Once one CLEC has overbuilt in a market, showing it can be done, should we presume that any
serious sustained abuse would induce further entry?
Important follow-on incentive questions are raised by this concept-or-proto-idea. What
incentives would such a rule create for ILECs? Would they find the prospect of not having to
unbundle on regulated terms an important carrot that might induce them to cooperate with the
CLEC who wants to build? (Would this cooperation take anticompetitive forms? Would it
consist of more cooperation in providing "stepping stones" for such a CLEC?) And what
incentives would it create for CLECs?
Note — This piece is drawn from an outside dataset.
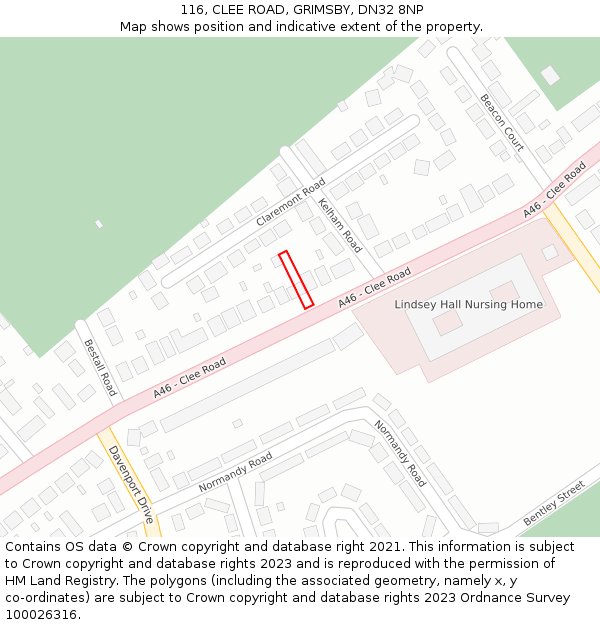 116, CLEE ROAD, GRIMSBY, DN32 8NP: Location map and indicative extent of plot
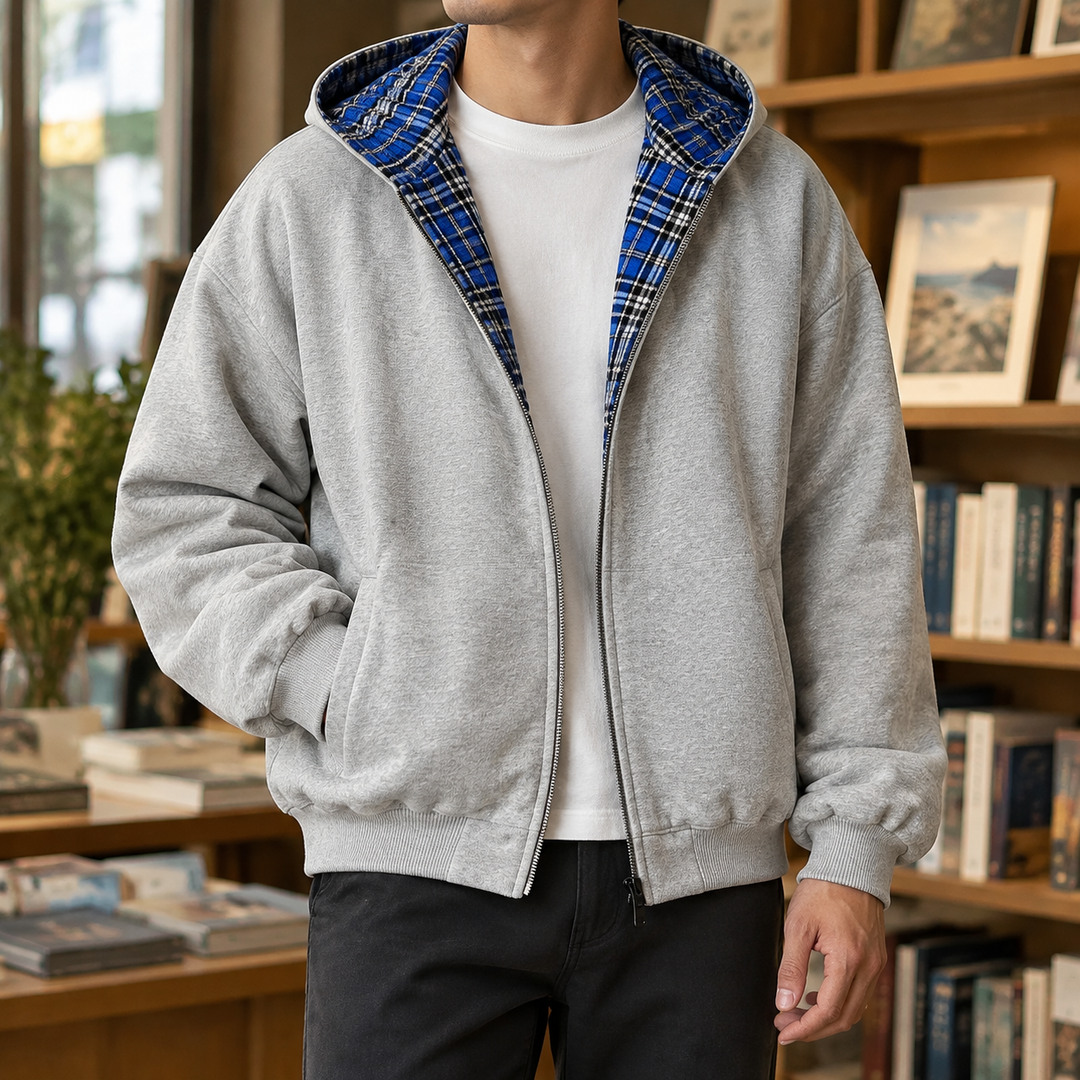 Men's reversible plaid hooded jacket shown from the front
Would a CLEC, observing that other CLECs probably
could not get network elements at exactly regulatory prices out of the duopoly, find that an
important inducement to build? And would other CLECs then be persuaded to build? If so, is
that good, or would it lead to an absurd cascade in which some local markets fortuitously have
half a dozen overbuilds and others have none?
Let me close by stressing once more that these are concepts in search of intellectual and informational "funding" to be turned into ideas. But I think if you turn your attention to the prospects for such incentives for innovation, and to the prospects for deregulation in general, you may get out ahead of the number-crunching Wall Street crowd.